4.3.3. Length Operator

There is one remaining operator on variables. It is ${#varname}, which returns the length of the value of the variable as a character string. (In Chapter 6, we will see how to treat this and similar values as actual numbers so they can be used in arithmetic expressions.) For example, if filename has the value alice.c, then ${#filename} would have the value 7.

4.3.4. Extended Pattern Matching

Bash provides a further set of pattern matching operators if the shopt option extglob is switched on. Each operator takes one or more patterns, normally strings, separated by the vertical bar ( | ). The extended pattern matching operators are given in Table 4-3.^[8]

^[8] Be aware that these are not available in early releases of bash 2.0.

Table 4-3. Pattern-matching operators
Operator	Meaning
*(patternlist)	Matches zero or more occurrences of the given patterns.
+(patternlist)	Matches one or more occurrences of the given patterns.
?(patternlist)	Matches zero or one occurrences of the given patterns.
@(patternlist)	Matches exactly one of the given patterns.
!(patternlist)	Matches anything except one of the given patterns.

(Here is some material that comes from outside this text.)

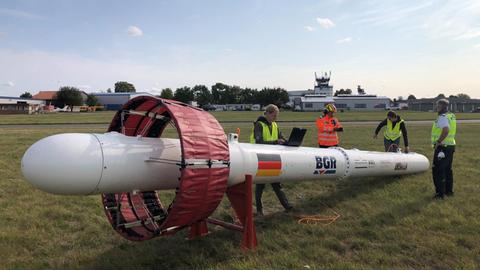 Die 10 Meter lange BGR-Sonde, die im Projekt an einen Hubschrauber gehängt wird, um Daten zu erheben.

Some examples of these include:

*(alice|hatter|hare) would match zero or more occurrences of alice, hatter, and hare. So it would match the null string, alice, alicehatter, etc.
+(alice|hatter|hare) would do the same except not match the null string.
?(alice|hatter|hare) would only match the null string, alice, hatter, or hare.
@(alice|hatter|hare) would only match alice, hatter, or hare.
!(alice|hatter|hare) matches everything except alice, hatter, and hare.

The values provided can contain shell wildcards too. So, for example, +([0-9]) matches a number of one or more digits. The patterns can also be nested, so you could remove all files except those beginning with vt followed by a number by doing rm !(vt+([0-9])).